Passage: Ephesians 4:7-10
Now grace was given to each one of us according to the measure of Christ’s gift. 8 For it says:
When he ascended on high,
he took the captives captive;
he gave gifts to people.
9 But what does “he ascended” mean except that he[c] also descended to the lower parts of the earth? 10 The one who descended is also the one who ascended far above all the heavens, to fill all things.
Devotional:
Ephesians 4:7-10 is our passage for today. Let’s take it part by part.
First, Ephesians 4:7 talks about the grace given to each of us. The thing we should notice the most is that this grace is given not according to our worth or even our need, but according to the measure of Jesus. The terminology here is of something freely transferred from one person to another. BDAG suggests that “bounty” or “grant,” like a financial aid grant for college students, are similar concepts.
Which is a good thing: grace is constrained only by the giver, not by the recipient. I may need more grace than I ever thought possible, but the supply is overwhelming. This is good, because as we connect back to the opening verses of this chapter, we that First Baptist Church of Ephesus is being reminded of their need to be unified in the Spirit. While Brent has done an excellent job of noting what those commands entail, I will beg his indulgence to make a quick observation:
We’re never going to live as one faith, one body, one hope, one faith, as we serve one Lord and God and Father of all without a whole lot of grace. That does not mean we do not strive to do so–“free grace” is not a gift to be trivially used–but we’re going to need it. We’ll need it from God about our own lives and then from God to be able to lavish it on one another.
The purpose of that grace was so that we could work together, to build one another up. Look again at Brent’s post about walking worthy, look back at Ephesians 4:1-6, and how we are to work at living with humility and gentleness with one another.
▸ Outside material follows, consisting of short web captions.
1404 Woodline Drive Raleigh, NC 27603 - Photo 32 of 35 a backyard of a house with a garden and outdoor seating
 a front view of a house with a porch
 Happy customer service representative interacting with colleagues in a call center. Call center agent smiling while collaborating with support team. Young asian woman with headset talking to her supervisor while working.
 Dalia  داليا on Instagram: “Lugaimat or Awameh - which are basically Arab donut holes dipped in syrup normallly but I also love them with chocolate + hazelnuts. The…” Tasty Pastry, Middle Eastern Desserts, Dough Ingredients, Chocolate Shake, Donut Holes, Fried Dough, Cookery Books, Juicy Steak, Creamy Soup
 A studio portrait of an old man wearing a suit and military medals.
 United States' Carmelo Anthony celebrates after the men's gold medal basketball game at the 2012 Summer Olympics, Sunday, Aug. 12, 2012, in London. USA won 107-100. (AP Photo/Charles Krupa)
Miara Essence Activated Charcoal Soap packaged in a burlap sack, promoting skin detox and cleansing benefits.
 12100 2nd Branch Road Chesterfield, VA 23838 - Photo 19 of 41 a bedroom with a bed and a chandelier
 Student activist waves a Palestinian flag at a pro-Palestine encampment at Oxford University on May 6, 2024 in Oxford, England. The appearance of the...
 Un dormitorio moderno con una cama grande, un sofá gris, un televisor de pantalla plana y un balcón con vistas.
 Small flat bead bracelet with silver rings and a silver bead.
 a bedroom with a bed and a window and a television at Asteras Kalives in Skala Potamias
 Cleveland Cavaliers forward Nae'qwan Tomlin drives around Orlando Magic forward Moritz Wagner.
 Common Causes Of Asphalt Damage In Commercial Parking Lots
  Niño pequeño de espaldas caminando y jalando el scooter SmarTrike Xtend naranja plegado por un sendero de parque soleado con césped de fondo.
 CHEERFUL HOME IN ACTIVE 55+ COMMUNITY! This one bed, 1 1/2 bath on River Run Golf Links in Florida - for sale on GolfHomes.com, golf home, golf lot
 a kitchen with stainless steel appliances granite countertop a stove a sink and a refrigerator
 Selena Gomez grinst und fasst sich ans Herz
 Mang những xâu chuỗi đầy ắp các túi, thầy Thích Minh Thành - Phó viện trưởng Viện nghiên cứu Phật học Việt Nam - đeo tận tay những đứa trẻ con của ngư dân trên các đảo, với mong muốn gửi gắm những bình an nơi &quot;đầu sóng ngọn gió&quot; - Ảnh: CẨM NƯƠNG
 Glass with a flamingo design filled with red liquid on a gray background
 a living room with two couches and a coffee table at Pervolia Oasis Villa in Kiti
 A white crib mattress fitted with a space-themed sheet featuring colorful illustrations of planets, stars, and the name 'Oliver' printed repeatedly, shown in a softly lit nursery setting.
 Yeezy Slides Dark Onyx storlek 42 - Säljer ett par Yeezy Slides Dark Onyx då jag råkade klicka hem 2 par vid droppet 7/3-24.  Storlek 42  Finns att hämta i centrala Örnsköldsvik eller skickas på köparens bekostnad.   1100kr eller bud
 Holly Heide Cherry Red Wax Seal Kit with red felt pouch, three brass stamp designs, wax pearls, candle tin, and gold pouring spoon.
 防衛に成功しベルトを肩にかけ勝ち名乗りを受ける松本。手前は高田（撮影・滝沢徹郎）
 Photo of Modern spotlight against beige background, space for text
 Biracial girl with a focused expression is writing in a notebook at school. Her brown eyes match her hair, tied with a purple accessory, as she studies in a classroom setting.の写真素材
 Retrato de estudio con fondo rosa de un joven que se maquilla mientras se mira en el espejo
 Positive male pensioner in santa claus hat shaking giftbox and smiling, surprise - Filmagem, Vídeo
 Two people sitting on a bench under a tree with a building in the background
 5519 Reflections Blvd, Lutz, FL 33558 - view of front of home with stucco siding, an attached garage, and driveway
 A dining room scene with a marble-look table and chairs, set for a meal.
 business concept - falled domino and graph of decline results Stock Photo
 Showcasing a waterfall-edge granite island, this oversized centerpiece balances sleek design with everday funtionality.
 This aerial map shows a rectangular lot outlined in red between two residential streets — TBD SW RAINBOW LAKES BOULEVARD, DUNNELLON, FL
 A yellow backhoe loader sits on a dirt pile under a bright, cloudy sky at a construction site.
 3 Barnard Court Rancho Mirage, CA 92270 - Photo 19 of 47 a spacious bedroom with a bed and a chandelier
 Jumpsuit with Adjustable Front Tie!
4:8 gives us a quote from Psalm 68:18. For the Bible nerds among us, it’s worth noting that Paul’s wording matches the Targum of the Psalm. There’s a long, wandering discussion of how the Old Testament gets cited and used in the New Testament, so we won’t hit it here. But it’s worth recognizing that the same problem you have when you read in the New American Standard and someone else is reading the ESV…
What we definitely have is the image of Christ ascending in majesty. Several of the commentaries I own point us to the Roman Triumph as Paul’s idea here, but remember that Paul is quoting King David. The Romans were not yet on the scene when King David wrote. Taking a look at all of Psalm 68, briefly, shows us David exulting in the victory of God over the wicked. David celebrates that God has delivered the righteous from the power of the wicked, an important consideration alongside the calls for unity and celebration of grace: the presence of God is no place for the deliberately wicked.
Ephesians 4:9 gives us a lovely conundrum, with some advocating that it refers to Jesus descending into Hell, while others suggest that it simply refers to coming to the Earth itself. After all, compared to Heaven on High, Earth is a pretty low part of Creation. The Evangelical Exegetical Commentary from Lexham (by S.M. Baugh) connects the descent of Christ to His death, citing John Chrystostom and the overall mission of Christ.
However, the exact location does not appear to be Paul’s point. His focus is on the descent of Christ and the subsequent ascension of Christ as showing the filling of all creation under His dominion. That is how verses 9 and 10 blend together: the filling of all things by not only the command of God but the actual presence of Jesus within them.
What do we do with this, devotionally?
A few musings:
- Recognize that you are never in a place that Jesus has not filled with His presence. It may not feel like He’s there, but He is. God descended right down into the midst of our mess. Whatever mess that may be.
- Recognize that God has filled all the earth with His glory, and that while it takes redemptive grace to be saved, God’s creation grace means there are things we can learn from through sciences and arts that make life better–though we never want to just make the world a nicer place to go to Hell from.
- Recognize that your need for grace is matched by God’s grant of grace, and that grace is to empower your walking worthy of His name.